2Si cet ouvrage s’inscrit dans le sillage des dictionnaires d’auteur qui fleurissent depuis quelques années (Beckett, Camus, Gide, Proust, pour ne citer que quelques écrivains du xxe siècle1), il faut reconnaître que l’instrument lexicographique s’avère particulièrement approprié au cas de Breton. Pour s’en convaincre, et pour peu qu’on se prête au jeu du hasard objectif, il suffit d’ouvrir le Dictionnaire Breton à l’article « Initiales » : on y apprend que « [t]rès tôt, André Breton s’est rendu compte que les initiales de son nom appelaient le dictionnaire » (p. 533). Certes, les affinités alphabétiques ne sauraient motiver à elles seules la réalisation d’une telle entreprise. Mais elles signalent plus profondément que la forme même du dictionnaire rencontre l’une des aspirations majeures de Breton comme du mouvement surréaliste : la tentation de l’encyclopédisme et de l’inventaire, instruments rationnels par excellence qu’il s’agit pour les surréalistes de détourner en parodie, ou de miner par une redéfinition subversive des canons esthétiques et des références morales2.

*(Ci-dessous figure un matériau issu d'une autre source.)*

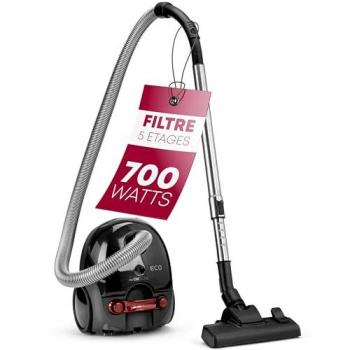 Clatronic BS‑1300 Trineo 700 W: Aspirador de Suelos con cepillo multifuncional y microfiltración quíntuple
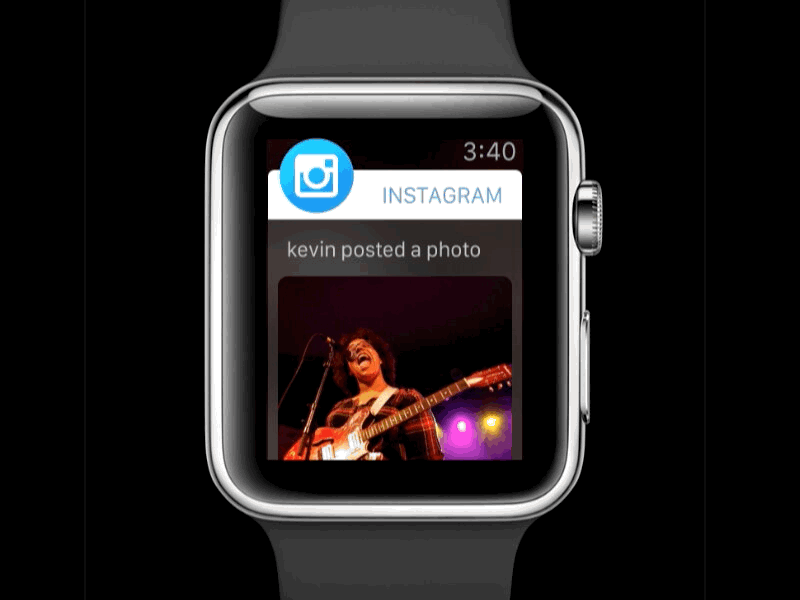 apple watch 3 instagram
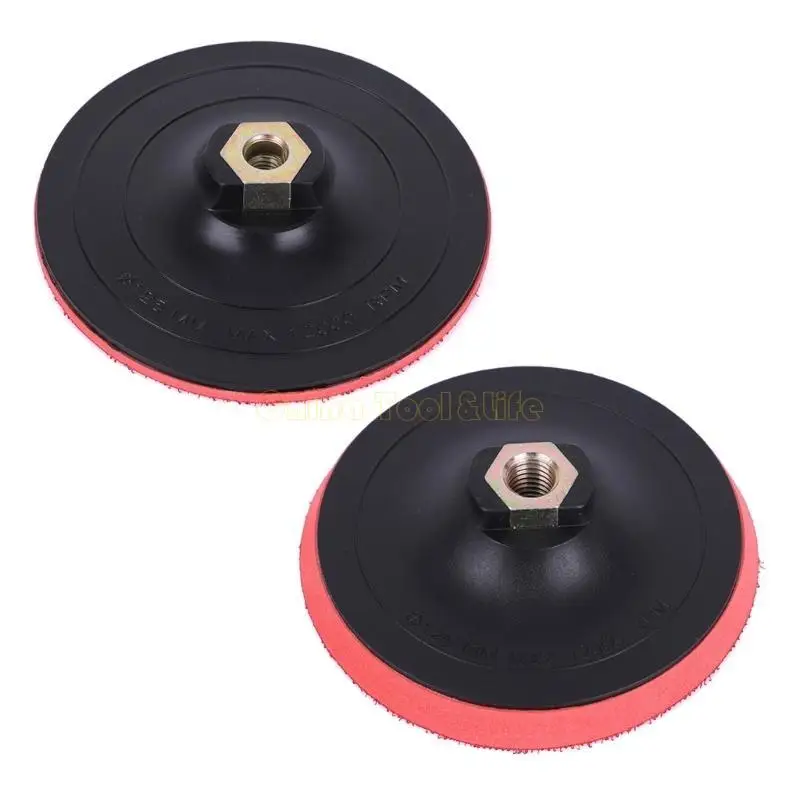 57qf 2pcs/Set Sanding Disc Posling Pad 5inch/125 -миллиметровые комплекты для шлифовального диска шлифовальный лак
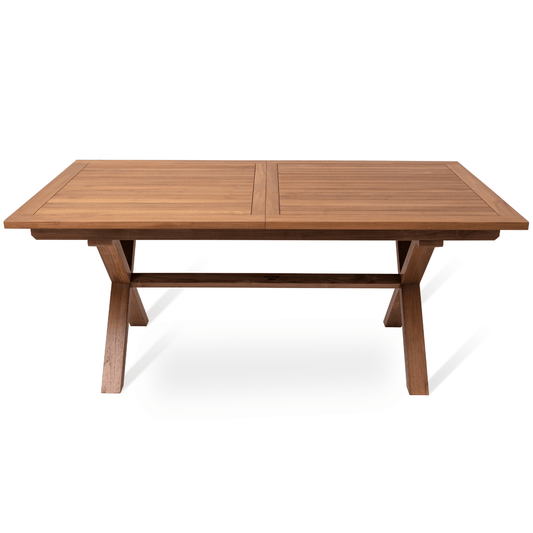 Kleopatra Teak 8 Person Outdoor Dining Table - Your Bar Stools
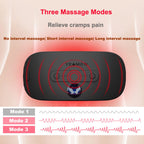 Back or Belly Heating Pad, Electric Waist Belt Device with 3 Heat Levels and 3 Massage Modes, Portable Cordless Fast Heating Pad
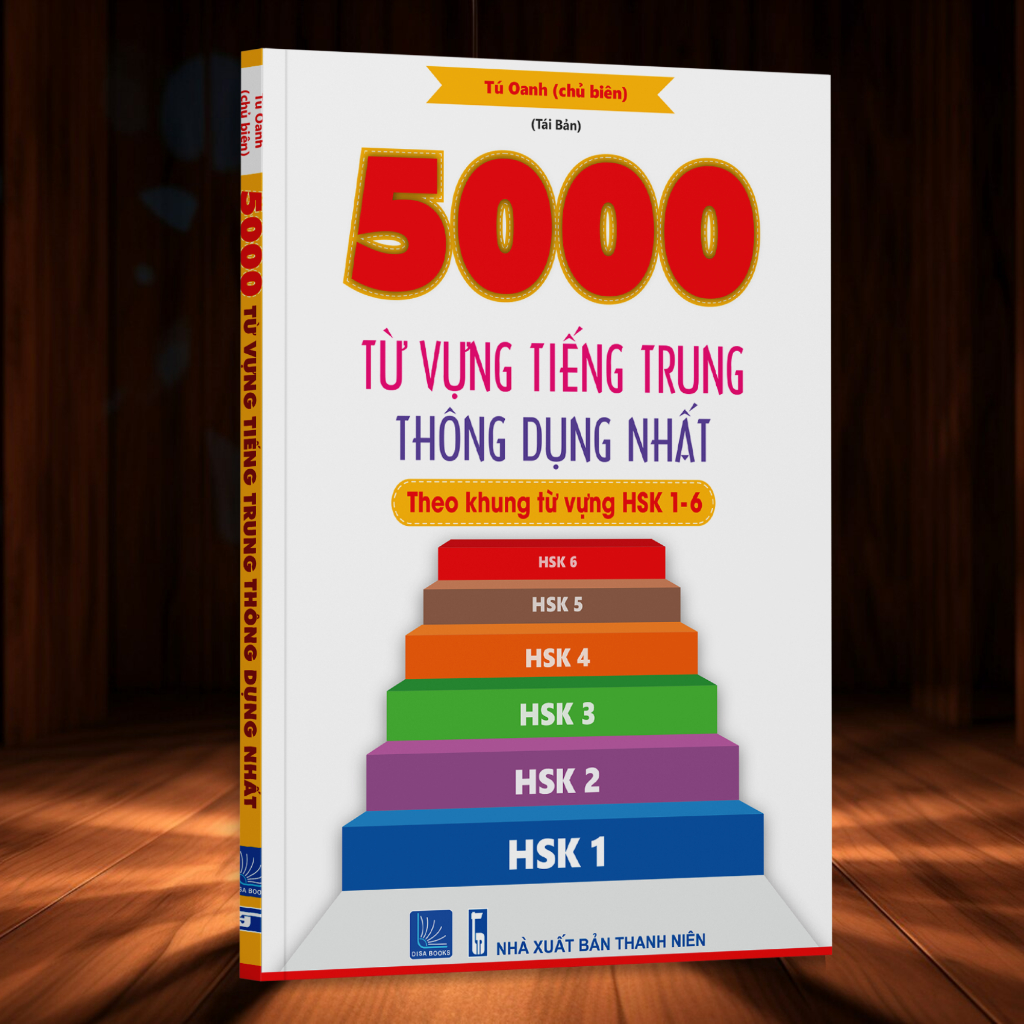 Ảnh Sách - 5000 từ vựng tiếng Trung thông dụng nhất từ hsk 1-6 (kèm file nghe) 1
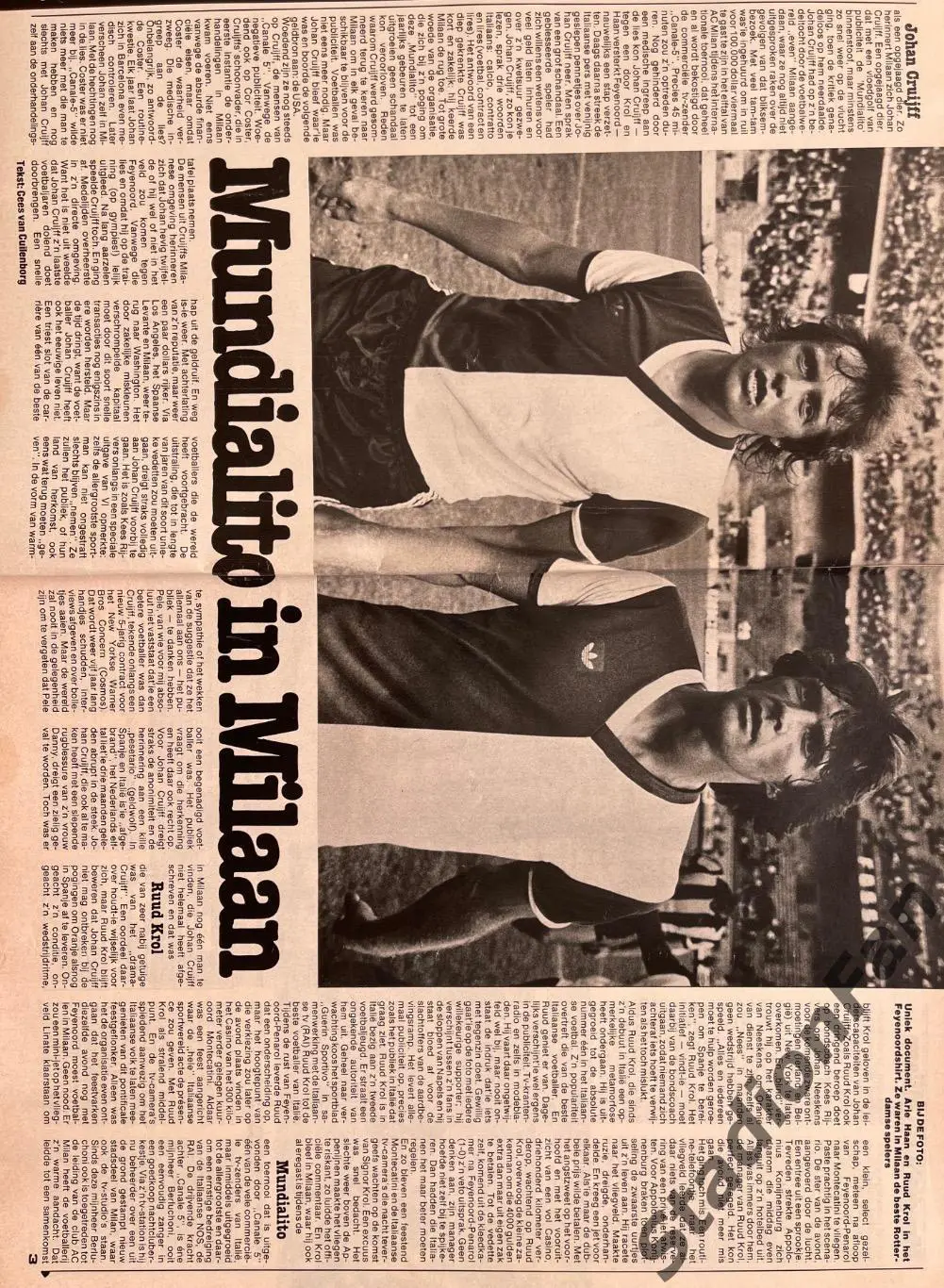 Журнал Voetbal nr.27 - 1981 1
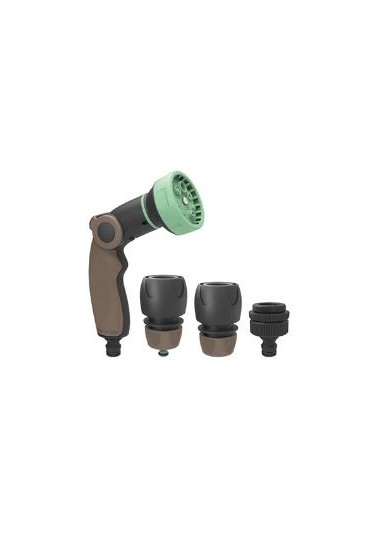 Kit De Pistola De Riego Multichorro 8 Jet Easy 1/2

3La notice « Dictionnaire », rédigée par H. Béhar (p. 323‑325), apparaît à cet égard comme une justification interne de l’ouvrage, tant l’œuvre de Breton semble aimantée par un pôle lexicographique : lecteur du Petit Larousse illustré durant son enfance, l’auteur du Manifeste de 1924 pastiche l’article de dictionnaire dans sa célèbre définition du surréalisme (« Surréalisme, n. m. Automatisme psychique pur », etc.3), avant de contribuer lui‑même au Dictionnaire abrégé du surréalisme avec Éluard (1938), à la mystification collective de la fausse encyclopédie Da Costa (1947‑1949)4 et au Lexique succinct de l’érotisme (préface au catalogue de l’Exposition inteRnatiOnale du Surréalisme, 1959). Bref, si pour Mallarmé le monde est fait pour aboutir à un beau livre, l’œuvre de Breton, elle, semble exister pour aboutir à un imposant dictionnaire.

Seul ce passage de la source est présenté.